Primary sclerosing cholangitis (PSC) is a chronic progressive cholestatic liver disease of uncertain etiology. However, the histologic features of PSC liver disease can resemble those in cystic fibrosis (CF), an inherited disorder caused by mutations in the CF transmembrane conductance regulator (CFTR
) gene. We sought to determine if PSC patients have a higher frequency of common CF alleles than disease controls.
DNA was extracted from peripheral lymphocytes of patients with end-stage liver disease. Samples were obtained before liver transplantation from 59 PSC patients and from three groups of control patients (20 each with primary biliary cirrhosis, autoimmune hepatitis, or hepatitis C). DNA samples were genotyped for 32 common CF mutations, the intron 8 T tract variants, and the M470V variant.
One of 59 PSC patients (1.7%) had the common CF mutation (ΔF508) in one CFTR
gene.

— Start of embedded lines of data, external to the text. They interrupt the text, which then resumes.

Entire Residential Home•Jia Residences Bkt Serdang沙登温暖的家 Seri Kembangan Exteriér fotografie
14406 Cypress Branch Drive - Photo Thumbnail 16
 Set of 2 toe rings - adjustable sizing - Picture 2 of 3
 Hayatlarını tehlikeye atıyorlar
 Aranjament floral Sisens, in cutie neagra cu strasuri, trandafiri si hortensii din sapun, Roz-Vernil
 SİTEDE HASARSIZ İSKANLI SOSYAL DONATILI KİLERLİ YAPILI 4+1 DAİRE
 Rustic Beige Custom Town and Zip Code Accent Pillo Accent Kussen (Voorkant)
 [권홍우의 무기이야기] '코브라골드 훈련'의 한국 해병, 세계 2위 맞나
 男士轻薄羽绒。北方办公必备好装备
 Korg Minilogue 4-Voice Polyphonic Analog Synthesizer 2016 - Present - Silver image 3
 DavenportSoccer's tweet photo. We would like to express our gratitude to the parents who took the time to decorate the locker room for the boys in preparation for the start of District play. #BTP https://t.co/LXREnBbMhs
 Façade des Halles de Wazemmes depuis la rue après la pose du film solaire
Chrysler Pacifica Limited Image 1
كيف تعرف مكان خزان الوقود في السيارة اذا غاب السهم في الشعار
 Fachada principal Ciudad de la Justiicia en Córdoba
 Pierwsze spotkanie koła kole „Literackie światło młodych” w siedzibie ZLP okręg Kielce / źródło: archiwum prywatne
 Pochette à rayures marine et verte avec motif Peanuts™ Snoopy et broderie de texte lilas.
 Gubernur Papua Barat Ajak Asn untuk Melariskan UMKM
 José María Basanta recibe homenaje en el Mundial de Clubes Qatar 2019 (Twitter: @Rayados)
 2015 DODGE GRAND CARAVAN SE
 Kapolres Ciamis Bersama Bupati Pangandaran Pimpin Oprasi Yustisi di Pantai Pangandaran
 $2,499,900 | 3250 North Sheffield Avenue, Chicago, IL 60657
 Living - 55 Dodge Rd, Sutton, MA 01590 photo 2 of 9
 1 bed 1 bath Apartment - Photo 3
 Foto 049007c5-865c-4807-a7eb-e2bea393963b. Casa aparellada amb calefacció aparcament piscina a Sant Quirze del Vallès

Two controls (3.3%) carried a single CF mutation (ΔF508 in one primary biliary cirrhosis patient; W1282X in one hepatitis C patient). These rates do not differ from expected in the general population. The frequency of CFTR
variants (5T and M470V) was also similar between PSC patients and controls.
Despite anatomical similarities between CF liver disease and PSC, we could not confirm that PSC patients carried common CF mutations or common CFTR
variants in higher than expected frequencies. These data suggest that CFTR
dysfunction does not influence the pathogenesis of PSC.